The records below:

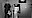 VIO 3n electrosurgical workingstation positioned in an operating room, with a blurred medical professional walking by in the background.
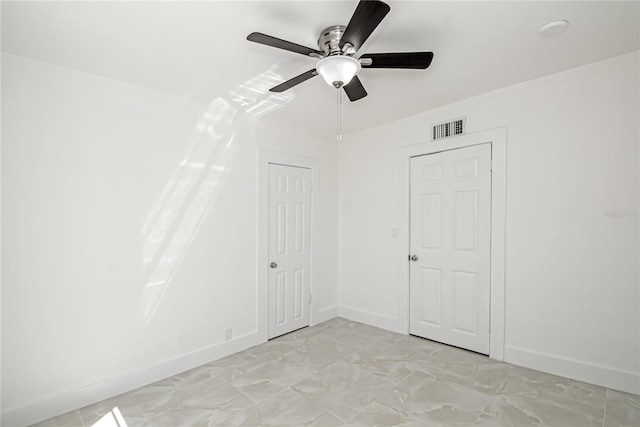 4324 Garden Ave, West Palm Beach, FL 33405 - spare room featuring baseboards, a ceiling fan, and light marble finish floors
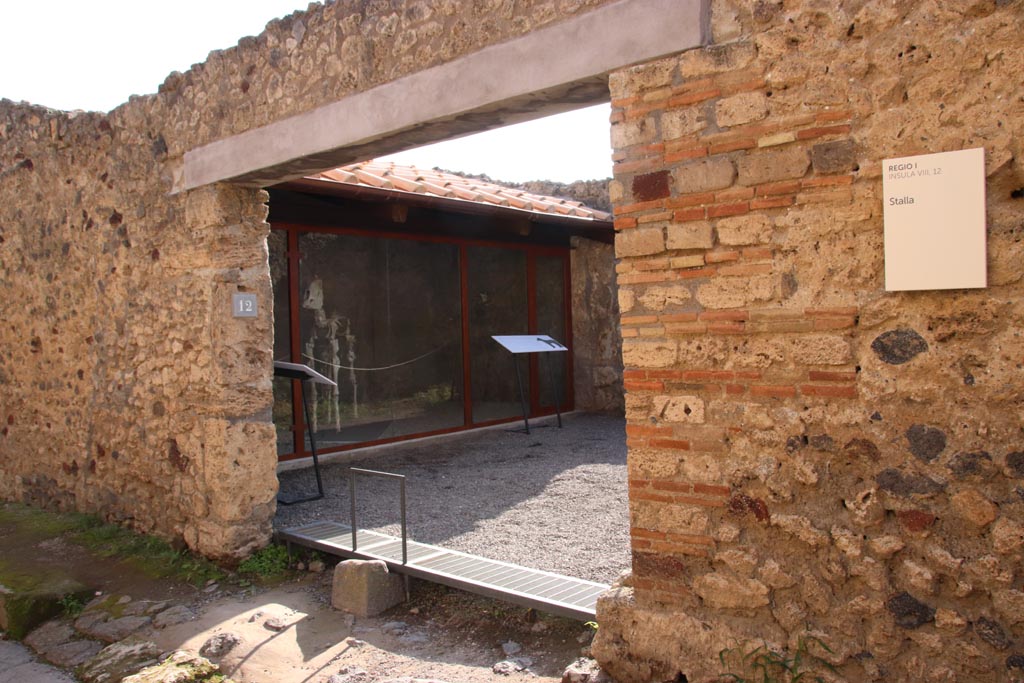 I.8.12 Pompeii. October 2022. 
Looking towards entrance doorway with “break” in pavement for passage of carts. Photo courtesy of Klaus Heese.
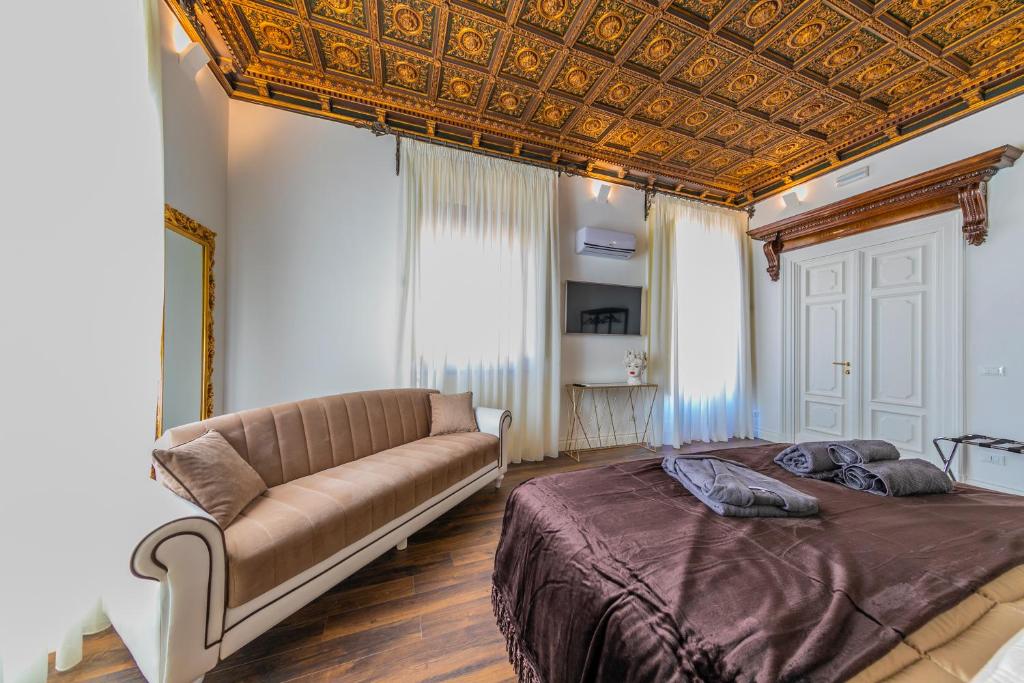 Łóżko lub łóżka w pokoju w obiekcie Palazzo Ardizzone
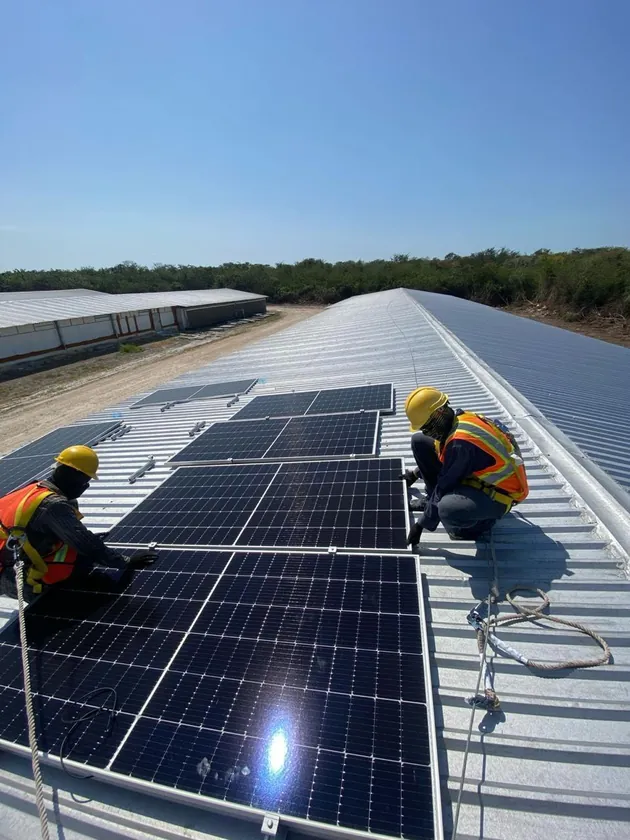 Dos instaladores con casco y chaleco colocando paneles solares en un techo de lámina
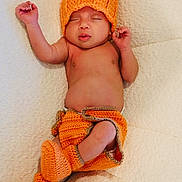 Eithan Milan is registered to the contest to win money with this photo: baby, booties, child, cozy, cute, diaper_cover, face, hand, indoors, infant, knitted_clothing, newborn, orange_hat, peaceful, portrait, relaxed, resting, sleeping, soft_surface, warm_colors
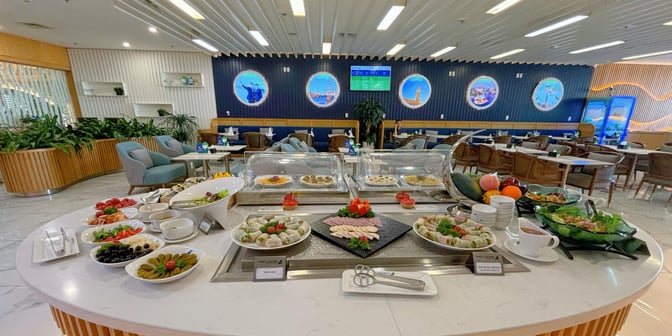 The First Lounge by Bamboo Airways at Noi Bai International Airport features a self-serve food station with a variety of dishes and seating areas.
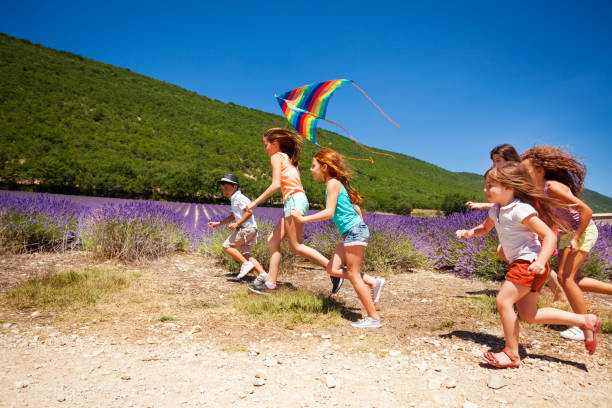 istock Happy children flying colorful kite in summer 857931122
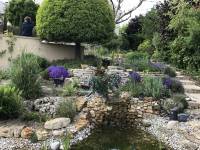 Im letzten Abschnitt des Bachlaufes flie&szlig;t das Wasser &uuml;ber eine Natursteinplatte laut pl&auml;tschernd in den Gartenteich (in Paris).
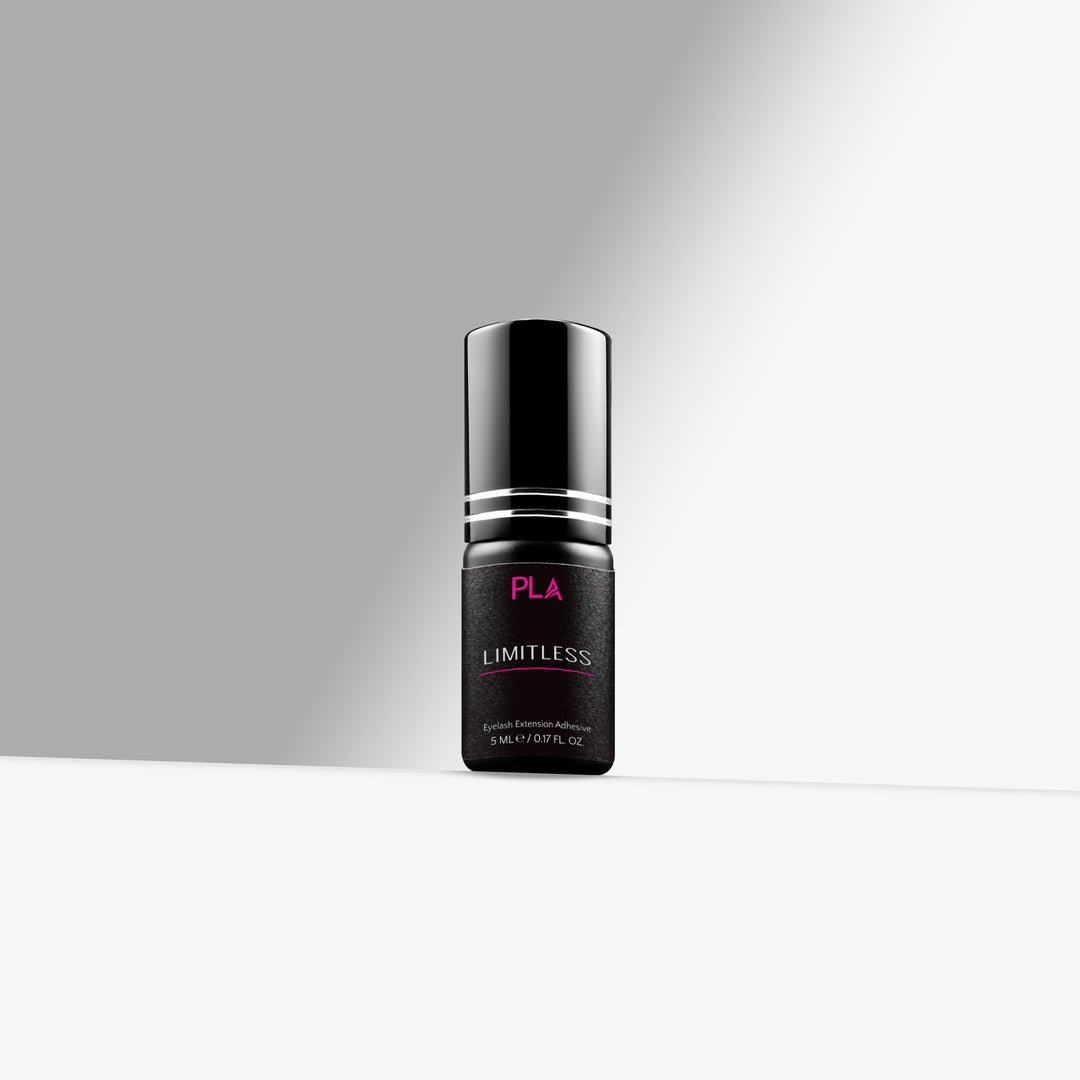 Black bottle with silver cap labeled 'Limitless' on a gray background 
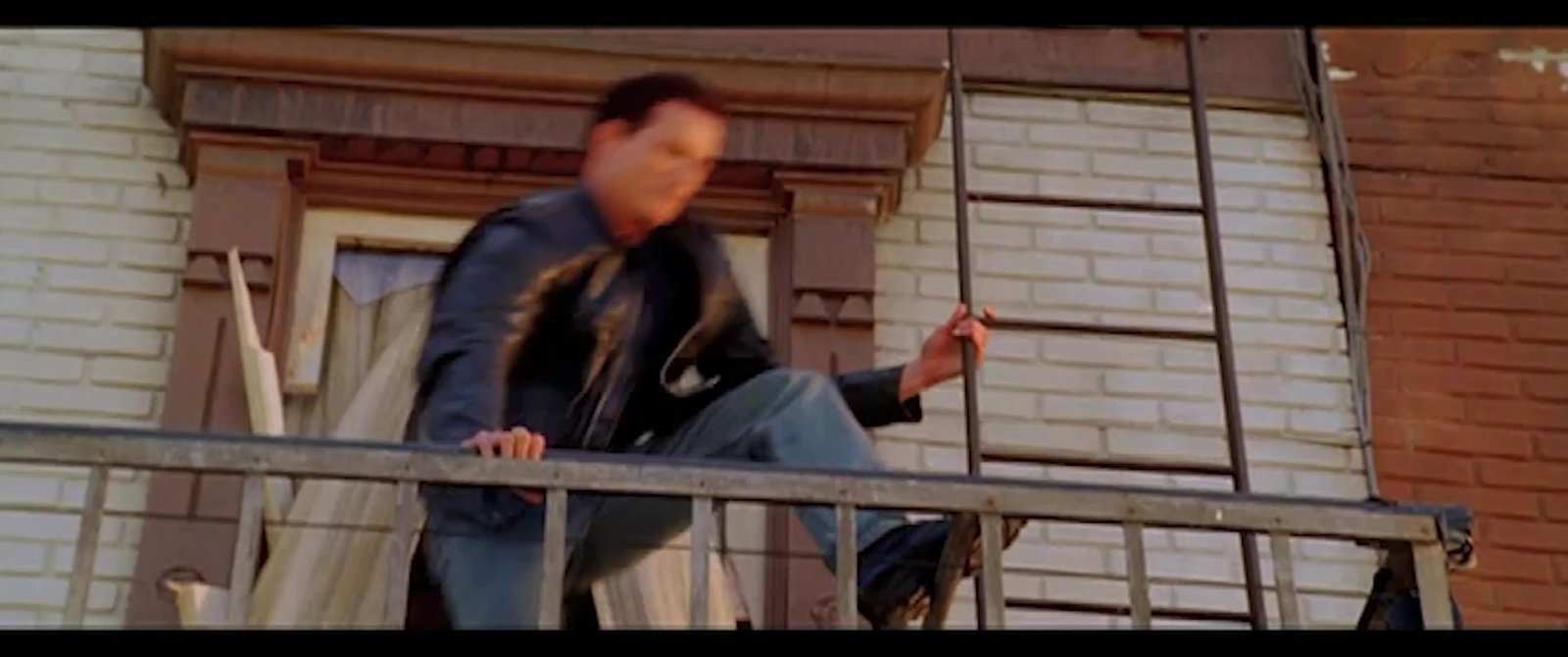 A man vaulting a fire-escape railing on a brick tenement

End of The records.

> _Work order_: Images in the records must not be repeated; everything else should be returned exactly.

> _Finished task_:
 VIO 3n electrosurgical workingstation positioned in an operating room, with a blurred medical professional walking by in the background.
 4324 Garden Ave, West Palm Beach, FL 33405 - spare room featuring baseboards, a ceiling fan, and light marble finish floors
 I.8.12 Pompeii. October 2022. 
Looking towards entrance doorway with “break” in pavement for passage of carts. Photo courtesy of Klaus Heese.
 Łóżko lub łóżka w pokoju w obiekcie Palazzo Ardizzone
 Dos instaladores con casco y chaleco colocando paneles solares en un techo de lámina
 Eithan Milan is registered to the contest to win money with this photo: baby, booties, child, cozy, cute, diaper_cover, face, hand, indoors, infant, knitted_clothing, newborn, orange_hat, peaceful, portrait, relaxed, resting, sleeping, soft_surface, warm_colors
 The First Lounge by Bamboo Airways at Noi Bai International Airport features a self-serve food station with a variety of dishes and seating areas.
 istock Happy children flying colorful kite in summer 857931122
 Im letzten Abschnitt des Bachlaufes flie&szlig;t das Wasser &uuml;ber eine Natursteinplatte laut pl&auml;tschernd in den Gartenteich (in Paris).
 Black bottle with silver cap labeled 'Limitless' on a gray background 
 A man vaulting a fire-escape railing on a brick tenement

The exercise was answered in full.